Wei et al. built and deployed a survey to study user perceptions of privacy and intrusiveness in online services, especially in the context of targeted advertising. This survey relies on participants exercising their GDPR rights to download their data, and then uploading this data to the survey software.
This project focuses on analyzing data acquired using the same GDPR rights, in order to provide additional analysis of data practices of online services. You are welcome to come up with your own questions that you would like to answer via this analysis, provided that the course staff think they are reasonably scoped and appropriate to the class, or you can use one of the suggestions below.
- Compare data across services: you can download your own data from multiple services, and use data science algorithms to compare these services. For example, finding out differences in how these services profile you, or differences in the ads they show you based on these profiling.
- Compare data across users: you can design a survey that compares the data of different users to find out how services interact with users that have similar or different interests or profiles. For example, finding out whether they are shown similar or different ads, or finding out if advertisers use different or conflicting advertising for different groups of users.

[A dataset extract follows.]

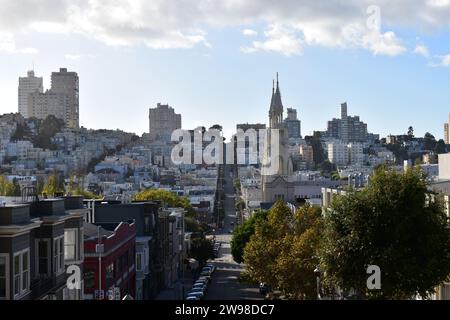 Une vue sur le quartier pittoresque autour de Filbert Street près de Coit Tower dans le centre-ville de San Francisco Banque D'Images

The GDPR right to portability is one of the technically most challenging rights to implement, and one of the least stringently enforced rights in practice. This project studies how the spirit of this right may be realized in practice, so that users have an easy way of switching between competing similar services.
You will need to implement a tool that consumes data that a user extracts from their existing account with the source service, and transform it into a format that can be imported into a similar target service, or provide that target service with this data directly via its API (if it exposes any). Additionally, this entails finding meaningful data translation or correspondance notions between these services (e.g. what is the Twitter equivalent of a Facebook event?).
There exists some third party tools that allow users to port their data between certain applications (e.g. Spotify to Youtube). You can use these tools as a high level reference to guide your design.
Researchers have in recent years developed various encrypted and federated data stores, in which the party operating the store (e.g., a cloud provider or web service) does not have access to the data stored, or only to parts of it.
In this project, you will investigate how to add GDPR-compliant subject access requests (under the right to access and the right to deletion) to such a data store. As an example, consider the data collected for salary equity by the City of Boston, and what GDPR rights over that data might look like.
This project will teach you about secure multi-party computation (MPC); some familiarity with cryptography (or willingness to learn) is essential.